THE INPUT:
=-=-=-=-=
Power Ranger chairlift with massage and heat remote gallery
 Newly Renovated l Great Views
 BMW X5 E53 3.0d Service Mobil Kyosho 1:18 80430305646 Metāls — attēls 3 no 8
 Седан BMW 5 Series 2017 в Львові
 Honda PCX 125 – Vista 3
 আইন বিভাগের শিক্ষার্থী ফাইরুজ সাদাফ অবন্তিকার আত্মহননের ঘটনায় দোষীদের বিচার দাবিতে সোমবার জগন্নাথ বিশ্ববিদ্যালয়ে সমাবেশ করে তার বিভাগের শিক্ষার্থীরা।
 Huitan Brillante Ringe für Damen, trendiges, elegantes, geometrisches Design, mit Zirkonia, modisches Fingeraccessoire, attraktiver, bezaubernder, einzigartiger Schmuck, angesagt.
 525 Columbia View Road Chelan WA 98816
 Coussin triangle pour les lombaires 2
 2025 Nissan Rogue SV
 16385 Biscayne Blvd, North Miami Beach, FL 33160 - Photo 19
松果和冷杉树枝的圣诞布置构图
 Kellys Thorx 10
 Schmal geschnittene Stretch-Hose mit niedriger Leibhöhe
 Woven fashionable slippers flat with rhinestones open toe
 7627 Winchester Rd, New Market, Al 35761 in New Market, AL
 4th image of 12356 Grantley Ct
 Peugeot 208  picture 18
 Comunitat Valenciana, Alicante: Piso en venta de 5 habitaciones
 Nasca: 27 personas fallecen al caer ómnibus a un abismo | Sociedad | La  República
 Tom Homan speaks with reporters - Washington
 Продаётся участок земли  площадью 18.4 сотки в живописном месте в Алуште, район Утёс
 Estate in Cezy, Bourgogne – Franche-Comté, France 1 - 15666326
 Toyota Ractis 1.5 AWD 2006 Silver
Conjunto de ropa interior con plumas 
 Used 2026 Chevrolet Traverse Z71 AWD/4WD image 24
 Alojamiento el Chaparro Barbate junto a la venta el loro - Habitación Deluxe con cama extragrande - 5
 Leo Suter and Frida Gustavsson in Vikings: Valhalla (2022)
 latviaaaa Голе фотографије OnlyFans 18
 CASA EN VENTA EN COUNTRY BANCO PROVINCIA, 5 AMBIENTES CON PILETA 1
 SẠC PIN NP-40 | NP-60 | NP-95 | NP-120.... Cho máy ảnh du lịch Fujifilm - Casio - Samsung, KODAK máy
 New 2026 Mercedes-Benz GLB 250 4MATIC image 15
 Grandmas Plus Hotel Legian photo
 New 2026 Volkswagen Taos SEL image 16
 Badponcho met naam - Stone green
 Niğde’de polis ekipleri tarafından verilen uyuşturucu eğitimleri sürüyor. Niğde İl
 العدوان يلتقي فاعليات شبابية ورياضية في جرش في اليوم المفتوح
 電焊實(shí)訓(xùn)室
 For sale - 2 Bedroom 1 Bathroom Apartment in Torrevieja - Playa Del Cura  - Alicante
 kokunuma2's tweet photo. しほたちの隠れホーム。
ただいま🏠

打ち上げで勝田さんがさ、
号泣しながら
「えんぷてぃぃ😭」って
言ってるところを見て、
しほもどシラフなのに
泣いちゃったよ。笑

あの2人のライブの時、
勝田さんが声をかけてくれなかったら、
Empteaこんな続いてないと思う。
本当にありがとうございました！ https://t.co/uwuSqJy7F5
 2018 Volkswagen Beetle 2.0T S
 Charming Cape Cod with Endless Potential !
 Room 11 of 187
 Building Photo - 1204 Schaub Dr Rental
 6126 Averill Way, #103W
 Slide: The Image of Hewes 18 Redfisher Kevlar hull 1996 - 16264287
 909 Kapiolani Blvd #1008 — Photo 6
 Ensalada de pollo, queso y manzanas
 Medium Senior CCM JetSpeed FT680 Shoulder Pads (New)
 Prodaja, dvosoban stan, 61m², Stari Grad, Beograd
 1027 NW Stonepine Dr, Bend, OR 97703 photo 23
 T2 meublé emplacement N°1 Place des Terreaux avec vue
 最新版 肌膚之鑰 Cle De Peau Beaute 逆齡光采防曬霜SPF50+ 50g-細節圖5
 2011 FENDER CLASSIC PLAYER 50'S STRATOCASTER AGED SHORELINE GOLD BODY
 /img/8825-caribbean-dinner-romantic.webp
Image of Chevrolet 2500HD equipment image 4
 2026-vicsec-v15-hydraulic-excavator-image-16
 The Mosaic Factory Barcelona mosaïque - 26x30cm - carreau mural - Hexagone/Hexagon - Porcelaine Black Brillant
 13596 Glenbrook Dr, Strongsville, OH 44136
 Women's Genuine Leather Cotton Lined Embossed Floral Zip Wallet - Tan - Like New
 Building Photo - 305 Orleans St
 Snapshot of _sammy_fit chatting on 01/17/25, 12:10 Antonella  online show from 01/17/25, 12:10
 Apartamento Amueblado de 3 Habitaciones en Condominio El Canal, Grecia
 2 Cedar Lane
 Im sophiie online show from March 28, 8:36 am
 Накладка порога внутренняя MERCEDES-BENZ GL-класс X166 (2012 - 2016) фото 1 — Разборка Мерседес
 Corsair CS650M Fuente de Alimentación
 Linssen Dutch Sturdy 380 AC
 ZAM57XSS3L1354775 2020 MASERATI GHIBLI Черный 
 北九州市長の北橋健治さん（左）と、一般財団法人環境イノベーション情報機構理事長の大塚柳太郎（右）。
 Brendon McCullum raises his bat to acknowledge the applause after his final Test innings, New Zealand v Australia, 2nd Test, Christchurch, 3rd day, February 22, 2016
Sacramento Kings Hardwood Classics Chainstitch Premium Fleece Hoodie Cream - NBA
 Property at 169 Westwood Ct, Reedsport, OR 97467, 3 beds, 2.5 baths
=-=-=-=-=
PROBLEM STATEMENT:
All that is needed is the number of lines above in which the string "Chevrolet" appears.

TASK ANSWER:
2